Otto Meissner, Otto – wer? So haben auch wir beim ROTEN SALON reagiert, als wir das erste Mal den Namen Otto Meissner hörten. Julius Campe, die andere große Verlegerpersönlichkeit dieser Zeit, kennen einige, Otto Meissner ist bisher nur unter Spezialisten bekannt. Selbst jenen unter uns, zu denen ich gehöre, die lange Jahre für den Hamburger Verlag Hoffmann und Campe arbeiteten und vage über dessen Geschichte Bescheid wussten, sagte der Name Otto Meissner bisher nichts. Julius Campe gilt als bedeutendster deutscher Verleger der Aufklärung, der vor allem mit dem teils revolutionären Werk von Heinrich Heine verbunden ist.

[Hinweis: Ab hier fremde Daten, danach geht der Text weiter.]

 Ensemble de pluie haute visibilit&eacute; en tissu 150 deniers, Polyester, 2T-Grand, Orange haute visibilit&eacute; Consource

Dabei hat der heute weithin unbekannte  Hamburger Verleger Otto Meissner (1819 – 1902) einen durchaus hohen Beitrag zur Weltgeschichte geleistet.  Ohne ihn wäre „Das Kapital“, das große und zentrale Werk von Karl Marx, vielleicht nie in die Welt gekommen – denn es bedurfte noch sehr viel Arbeit bis das teils noch chaotische Manuskript in Form gebracht war. Und viel persönlichen Mut, das große Werk „innerhalb der gesetzlichen Schranken“ des gerade gegründeten „Norddeutschen Bundes“ heraus zu bringen. Anfangs geschah nicht viel und es deutete wenig auf die später Bedeutung dieses Werks hin, dessen zweiter und dritter Band erst nach dem Tod von Karl Marx erschienen.

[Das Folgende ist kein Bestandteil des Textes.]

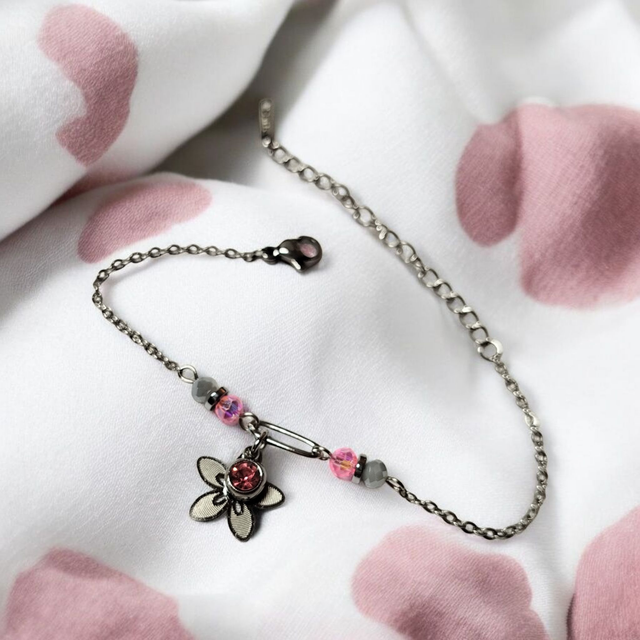 Bracelet acier inoxydable et strass rose et argenté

Jürgen Bönig hat ein großes Geschichtsbuch aufgeschrieben, das höhere Aufmerksamkeit verdient, als die der Spezialisten.  Lange haben wir uns den Kopf zerbrochen, wie eine Veranstaltung wie der ROTE SALON damit angemessen umgehen kann. Was ist daran mehr, als eine Geschichtsstunde? Welche Fragen können wir an die Geschichte stellen? „Lehren“ müssen nicht von heute auf morgen anwendbar sein. Die Technologie ist heute eine grundlegend andere – die Frage nach der Haltung dagegen, ist gleich geblieben.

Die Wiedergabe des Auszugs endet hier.